(Extracted records)

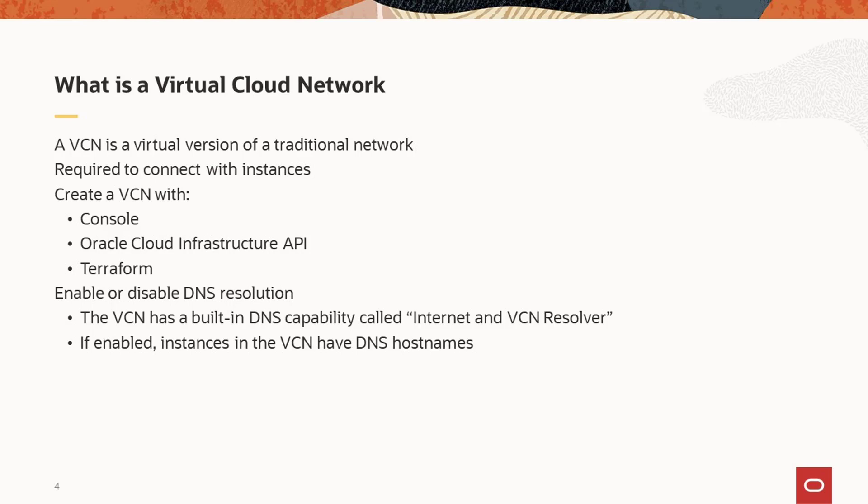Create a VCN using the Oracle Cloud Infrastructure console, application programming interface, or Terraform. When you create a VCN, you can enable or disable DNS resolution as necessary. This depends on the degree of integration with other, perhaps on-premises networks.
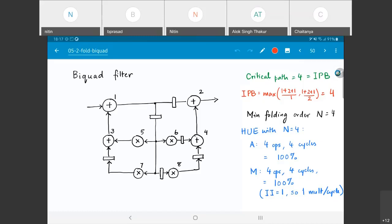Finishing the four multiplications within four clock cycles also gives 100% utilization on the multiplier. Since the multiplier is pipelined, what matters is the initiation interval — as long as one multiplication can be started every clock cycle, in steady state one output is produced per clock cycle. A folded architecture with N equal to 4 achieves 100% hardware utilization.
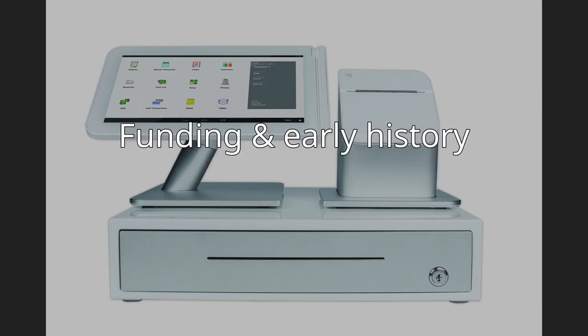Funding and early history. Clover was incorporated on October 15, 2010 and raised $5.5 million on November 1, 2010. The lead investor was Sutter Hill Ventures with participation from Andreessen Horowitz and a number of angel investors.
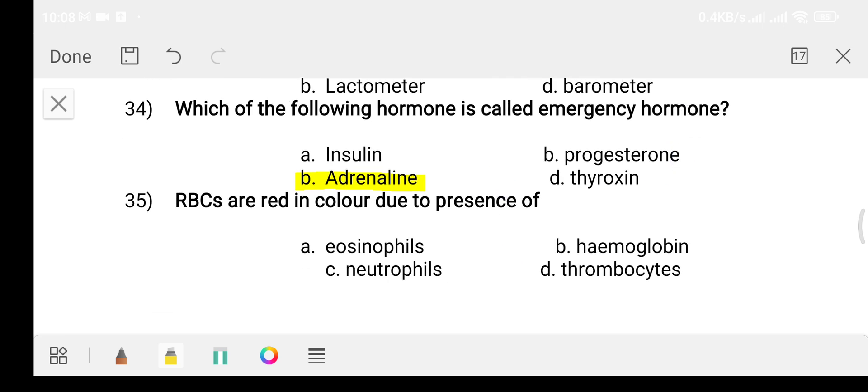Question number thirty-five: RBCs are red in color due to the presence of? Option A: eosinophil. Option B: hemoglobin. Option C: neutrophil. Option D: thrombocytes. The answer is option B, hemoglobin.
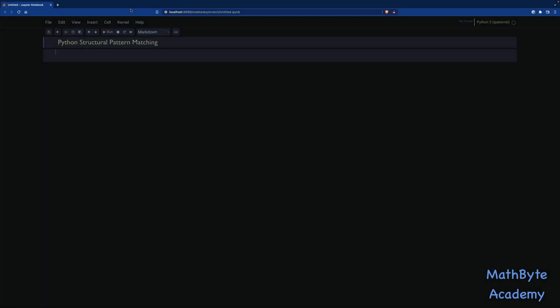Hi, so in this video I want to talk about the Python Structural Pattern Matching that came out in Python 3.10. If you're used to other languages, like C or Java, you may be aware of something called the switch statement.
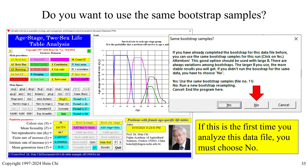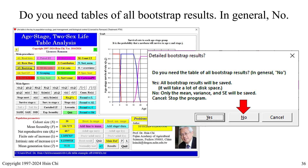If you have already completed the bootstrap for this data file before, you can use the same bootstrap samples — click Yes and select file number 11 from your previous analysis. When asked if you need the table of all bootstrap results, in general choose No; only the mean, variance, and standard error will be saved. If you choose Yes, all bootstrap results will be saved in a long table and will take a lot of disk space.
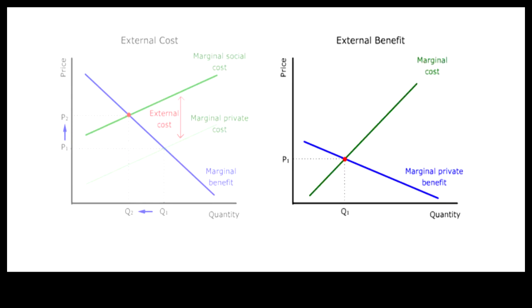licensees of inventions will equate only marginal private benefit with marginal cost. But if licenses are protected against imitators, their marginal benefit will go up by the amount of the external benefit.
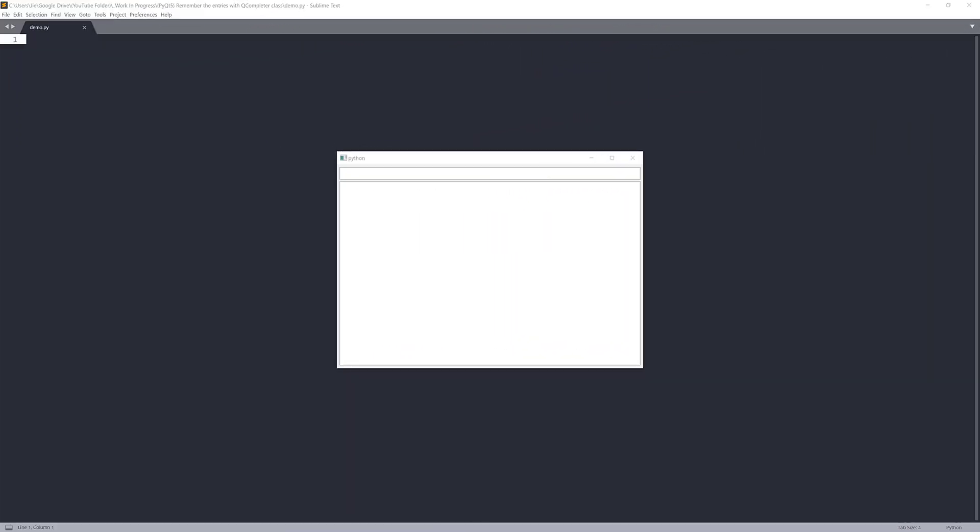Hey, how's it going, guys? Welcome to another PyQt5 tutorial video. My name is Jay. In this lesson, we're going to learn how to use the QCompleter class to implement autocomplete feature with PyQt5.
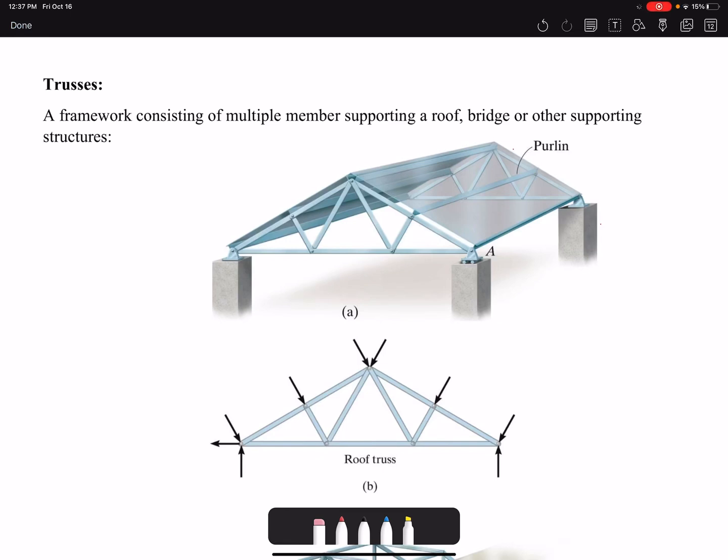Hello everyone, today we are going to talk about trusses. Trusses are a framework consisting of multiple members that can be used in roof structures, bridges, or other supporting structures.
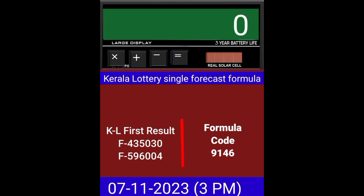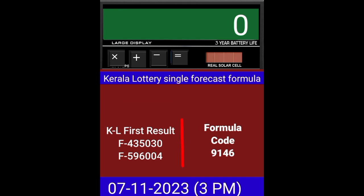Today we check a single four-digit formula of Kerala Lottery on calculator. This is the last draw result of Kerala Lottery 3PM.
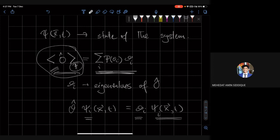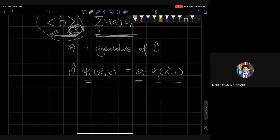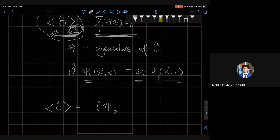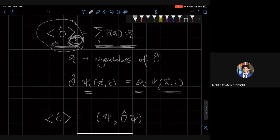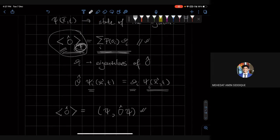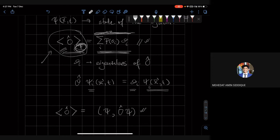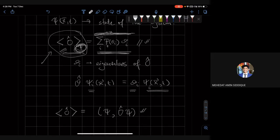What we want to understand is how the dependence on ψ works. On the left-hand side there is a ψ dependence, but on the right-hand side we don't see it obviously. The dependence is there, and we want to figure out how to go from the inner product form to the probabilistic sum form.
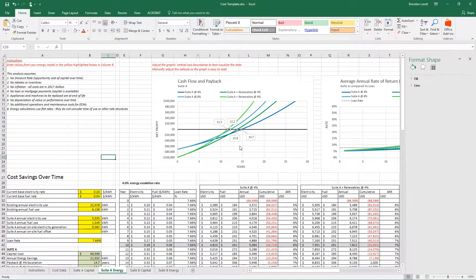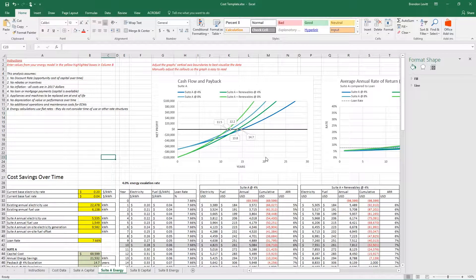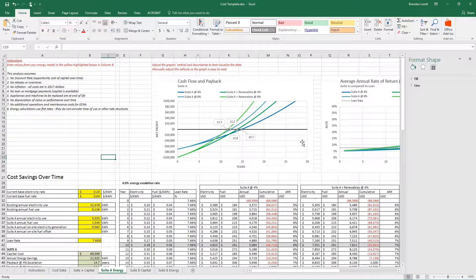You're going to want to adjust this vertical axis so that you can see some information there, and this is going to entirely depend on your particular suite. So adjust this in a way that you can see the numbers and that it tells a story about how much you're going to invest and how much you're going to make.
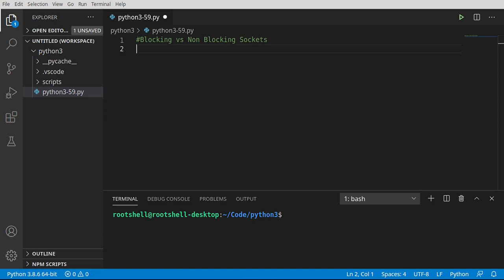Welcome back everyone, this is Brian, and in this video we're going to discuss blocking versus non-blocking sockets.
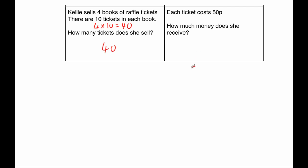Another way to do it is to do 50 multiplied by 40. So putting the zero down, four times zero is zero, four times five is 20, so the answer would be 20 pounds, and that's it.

- What you need to do: Transcribe every record above exactly as written, leaving out any pictures.

- Exercise output:
Create a VCN using the Oracle Cloud Infrastructure console, application programming interface, or Terraform. When you create a VCN, you can enable or disable DNS resolution as necessary. This depends on the degree of integration with other, perhaps on-premises networks.
Finishing the four multiplications within four clock cycles also gives 100% utilization on the multiplier. Since the multiplier is pipelined, what matters is the initiation interval — as long as one multiplication can be started every clock cycle, in steady state one output is produced per clock cycle. A folded architecture with N equal to 4 achieves 100% hardware utilization.
Funding and early history. Clover was incorporated on October 15, 2010 and raised $5.5 million on November 1, 2010. The lead investor was Sutter Hill Ventures with participation from Andreessen Horowitz and a number of angel investors.
Question number thirty-five: RBCs are red in color due to the presence of? Option A: eosinophil. Option B: hemoglobin. Option C: neutrophil. Option D: thrombocytes. The answer is option B, hemoglobin.
Hi, so in this video I want to talk about the Python Structural Pattern Matching that came out in Python 3.10. If you're used to other languages, like C or Java, you may be aware of something called the switch statement.
If you have already completed the bootstrap for this data file before, you can use the same bootstrap samples — click Yes and select file number 11 from your previous analysis. When asked if you need the table of all bootstrap results, in general choose No; only the mean, variance, and standard error will be saved. If you choose Yes, all bootstrap results will be saved in a long table and will take a lot of disk space.
licensees of inventions will equate only marginal private benefit with marginal cost. But if licenses are protected against imitators, their marginal benefit will go up by the amount of the external benefit.
Hey, how's it going, guys? Welcome to another PyQt5 tutorial video. My name is Jay. In this lesson, we're going to learn how to use the QCompleter class to implement autocomplete feature with PyQt5.
Hello everyone, today we are going to talk about trusses. Trusses are a framework consisting of multiple members that can be used in roof structures, bridges, or other supporting structures.
Today we check a single four-digit formula of Kerala Lottery on calculator. This is the last draw result of Kerala Lottery 3PM.
What we want to understand is how the dependence on ψ works. On the left-hand side there is a ψ dependence, but on the right-hand side we don't see it obviously. The dependence is there, and we want to figure out how to go from the inner product form to the probabilistic sum form.
You're going to want to adjust this vertical axis so that you can see some information there, and this is going to entirely depend on your particular suite. So adjust this in a way that you can see the numbers and that it tells a story about how much you're going to invest and how much you're going to make.
Welcome back everyone, this is Brian, and in this video we're going to discuss blocking versus non-blocking sockets.
Another way to do it is to do 50 multiplied by 40. So putting the zero down, four times zero is zero, four times five is 20, so the answer would be 20 pounds, and that's it.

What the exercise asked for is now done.